“Check these out, Anisa!” I passed the socks to my friend. “Fourteen pairs in a pack, and only $10! They have colors on the toes and heels, but it won’t show when they’re wearing school shoes.” I had just returned from a fundraising trip in the States with two duffel bags full of Amazon purchases, the little things that are harder to find or more expensive in our city.
“Um, yeah, but aren’t they supposed to come up higher on the ankle? They’re nice, but I don’t think they’ll be allowed for school uniform.” I was shocked. The school list said “short white socks.” But not just any short white socks apparently–a particular height, a particular style, a particular thickness. No one felt it necessary to specify those details, because everyone knows what “short white socks” means for a school uniform.
I’ve lived in this country for eleven years, so these moments sneak up on me. The moments that scream to me in the tiniest of details, “You’re a foreigner. You don’t understand the rules. You don’t belong.” Those things that “everyone knows;” I don’t. I wish these moments didn’t hurt so much. It’s just socks, after all.
Every time I experience a “sock moment,” I face a heart-check. Of course I want to belong. We all do. But am I remembering my true belonging? We are reminded in Ephesians 2:19 that because we are reconciled in Christ, “[we] are no longer foreigners and strangers, but fellow citizens with God’s people and also members of His household.” Whatever I know or don’t know about this culture, wear or eat differently, pronounce correctly or flub like a toddler…whether I ever feel accepted in this country or always like an outsider, I have a home.
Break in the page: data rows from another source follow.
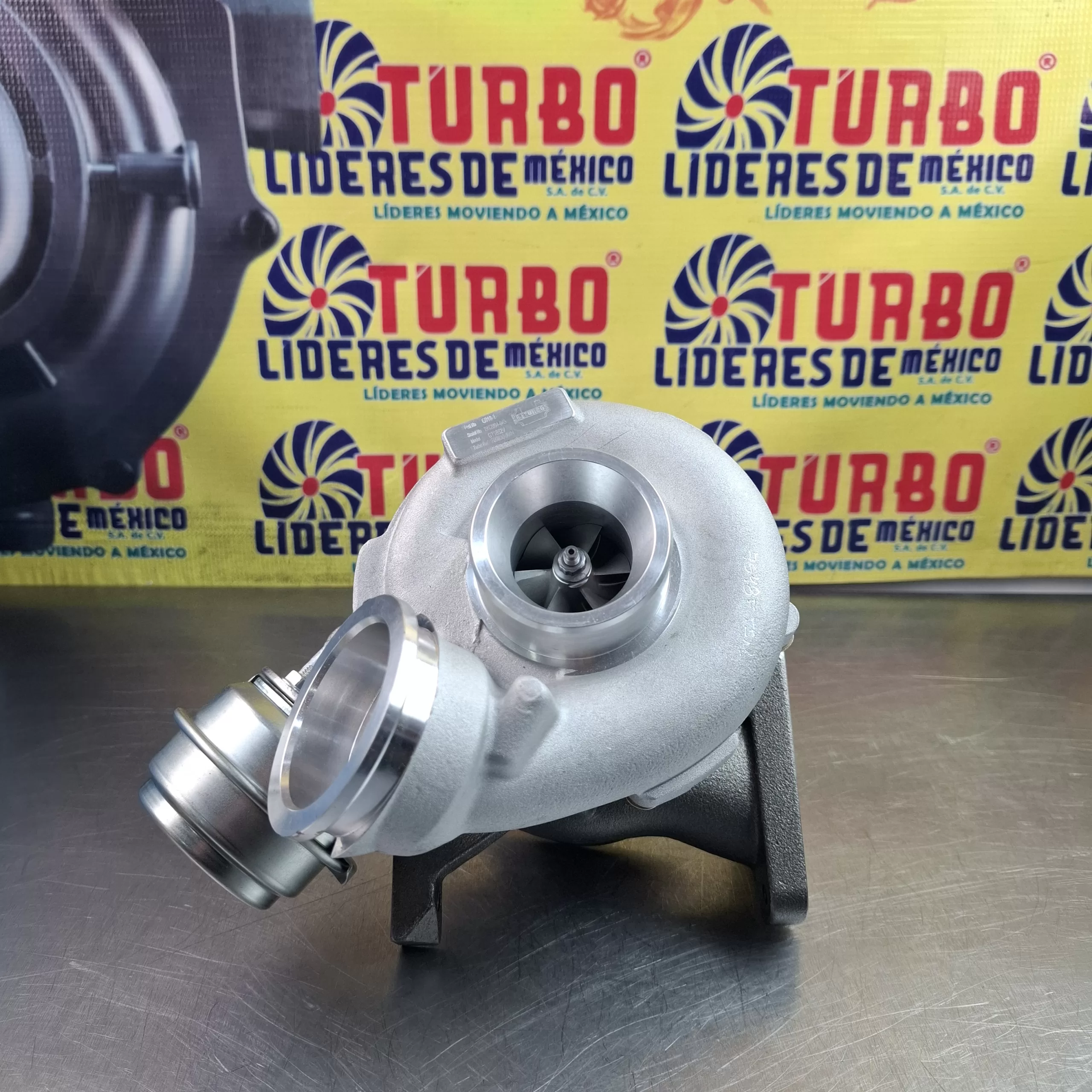 Turbo Para Mercedes-Benz Sprinter 211CDI 311CDI 411CDI OM611 GT1852V TLM G018-1S.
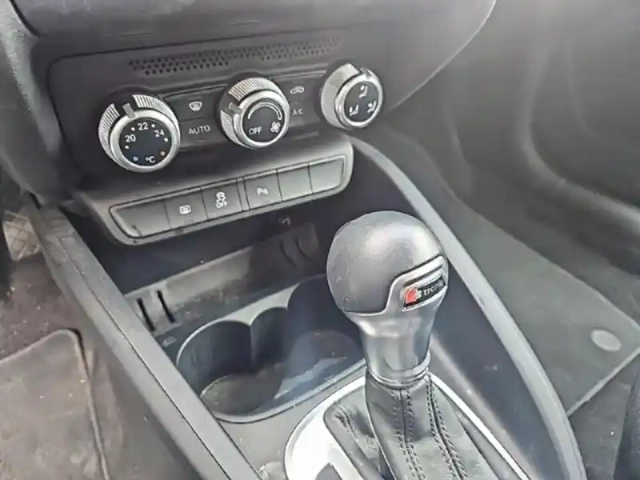 Audi A1 sportback 1.0 tfsi 95ch ultra midnight series s tronic 7 — photo 12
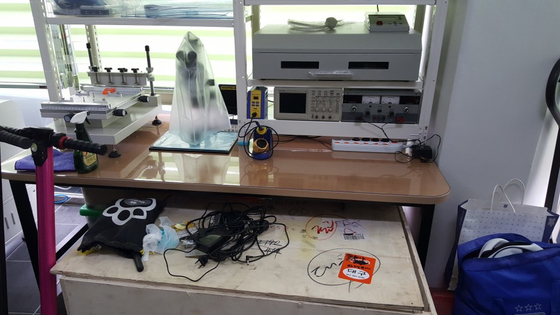 อัตราการผลิตของเครื่องยนต์ SMT ระดับ 4 หัว CHMT560P4, 3040 Printer, T962C Reflow Oven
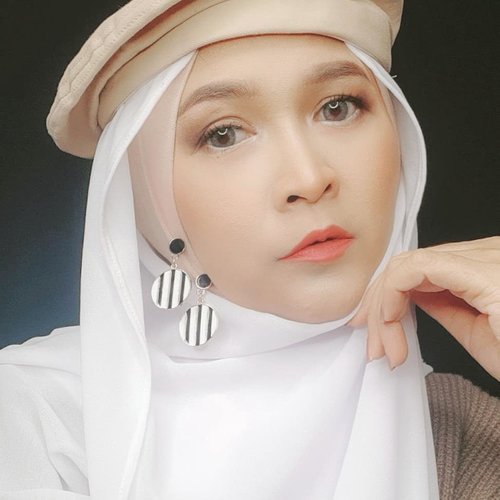 You don't become what you want, you become what you believe. 🌻🌻🌻🌻#brushedbyedelyne #selfreminder #instagood #influencer #blogger #bloggerstyle #quotes #hijabstyle #hidjeb #clozetteid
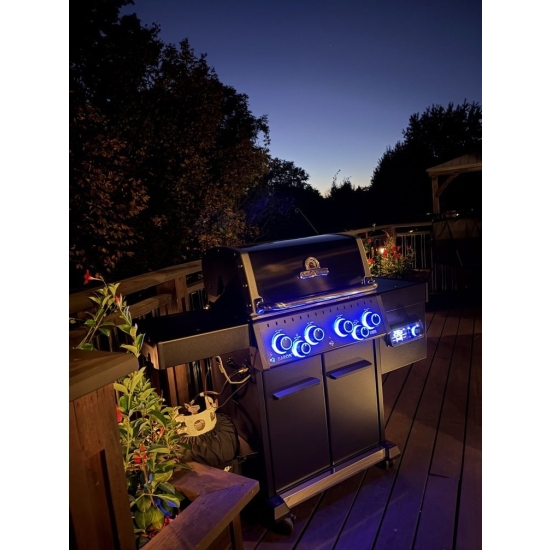 Broil King Grill gazowy Baron 490 IRP Shadow z palnikiem bocznym na podczerwień + moduł Pellet (ZESTAW-49 677183PL + 674005EU)
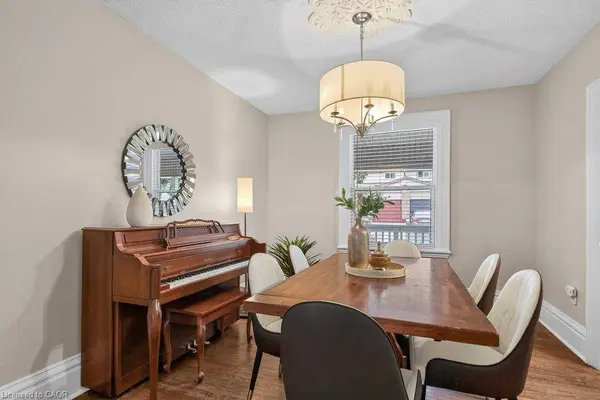 427 Jackson ST, Hamilton, ON L8P 1N3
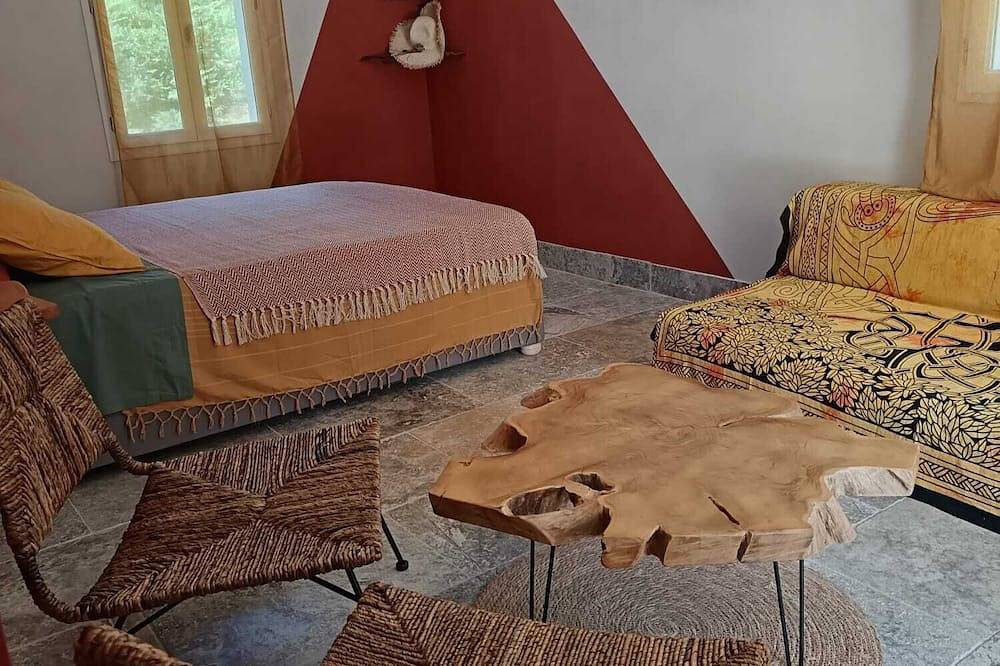 \"Comfort-Nature-Walks\" Bed and Breakfast in Saint-Jean-du-Bruel, Parc naturel régional des Grands Causses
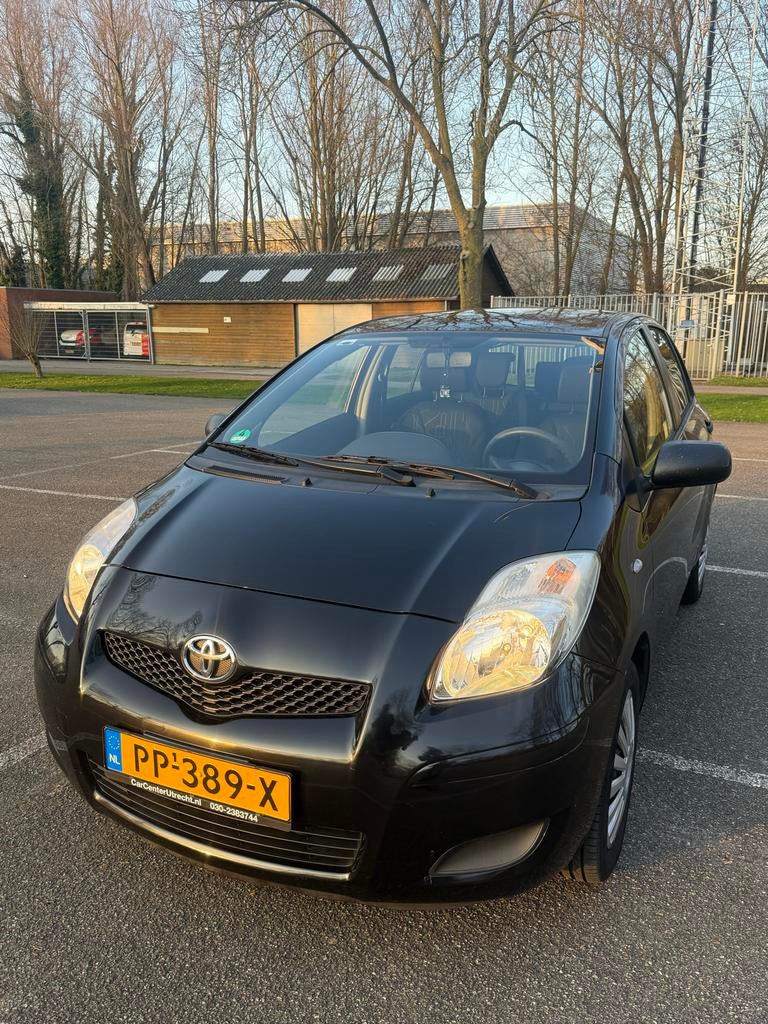 Toyota Yaris 1.0 12V Vvt-i 5DR Terra 2010 Zwart, Voorwielaandrijving, 40 €/maand, 750 kg, Zwart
And this home is filled with people from every corner of the earth because “[Christ’s] purpose was to create in himself one new humanity…thus making peace” (Ephesians 2:15). In Christ, people with the wrong socks and people who make the incomprehensible rules about them, become a family. Thank you Jesus that through your work on the cross, you tore down every barrier between me and those in this country you have called me to love!
Have you had a “sock moment” recently, when you suddenly felt like a cultural outsider? Who can you share that moment with? Ask this person to pray you will be reminded you belong in the family of God.
I think what made my “sock moment” hurt so much is that I’m afraid my children will feel like outsiders in this country, even though they were born here. And yet that’s the challenge we have signed up for. I can’t shield them from hurt, but I can pray for them, walk with them through it, and remind them where they truly belong.